Right out of college, Pippen was wearing Avia sneakers, an upstart brand who signed other NBA legends like John Stockton and Clyde Drexler. After the Bulls’ dynasty ascended, however, Pippen joined Nike and released several signature shoes, including the Pippen 1 in 1997.
Pippen also had endorsement deals with Frito-Lay, Visa, and Ameritech Cellular TV, as well as other major companies like McDonald’s, Right Guard and Coca-Cola. Along with his commercials, Pippen’s also had cameos in several movies and television shows over the years.
Pippen wasn’t always smart with his money, though. Bleacher Report cited that Pippen squandered over $120 million on “irresponsible and lackluster financial decisions,” including purchasing a $4 million private jet that needed another $1 million in repairs before it could even fly.

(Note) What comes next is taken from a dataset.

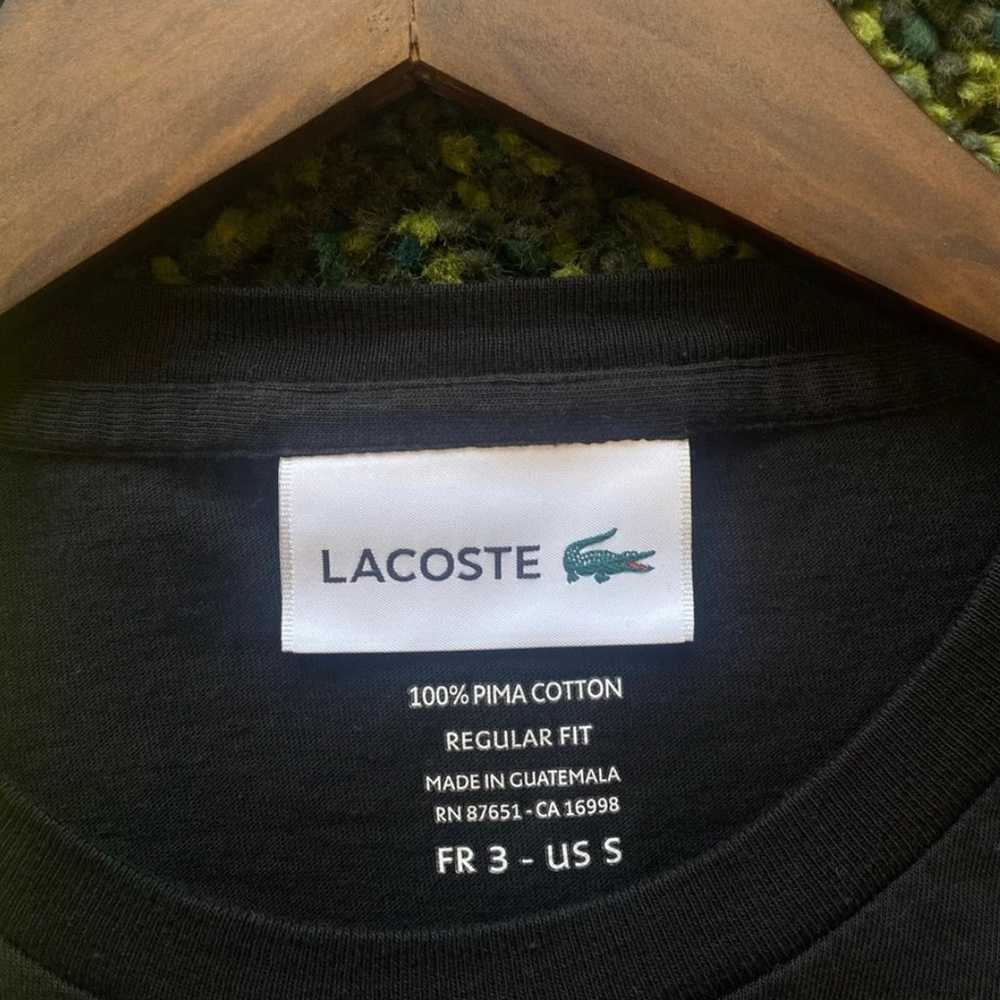 Lacoste Black Pima Cotton Men's Short Sleeve Crew… - image 4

Pippen was married twice, first to Karen McCollum in 1988, then to Larsa Younan in 1997. Pippen’s only child with McCollum is Antron Pippen, then he had four more with Younan — Scotty Pippen Jr., Preston Pippen, Justin Pippen, and Sophia Pippen. He and Larsa Pippen, as she still goes by today, divorced in 2018.
Robert Lunn, who served as Pippen’s longtime financial advisor and investor for the Pro Basketball Hall of Fame inductee, was sentenced to three years in prison for multiple fraud counts back in 2016. He reportedly forged Pippen’s signature on a loan that was valued at $1.4 million to pay off his own debts.
Pippen was dubbed “No Tippin’ Pippen” by a Florida restaurant for allegedly giving horrible tips after meals. Charley Barkley once said, “There’s nobody cheaper than Scottie Pippen and Michael Jordan.”
After basketball, Pippen returned to the Bulls as a team ambassador and was named senior advisor to Michael Reinsdorf, the Bulls’ president and COO. Pippen said he was fired by the basketball team in April 2020 after failing to agree on a new compensation package.
You can see Pippen today as an NBA analyst for ESPN, primarily on The Jump hosted by Rachel Nichols.
Scottie Pippen Net Worth
Scottie Pippen’s net worth is estimated between $30 and $50 million in 2020.
He may not be a billionaire like his former counterpart in Chicago, but Pippen’s legacy on the floor as one of the greatest players in NBA history is without dispute.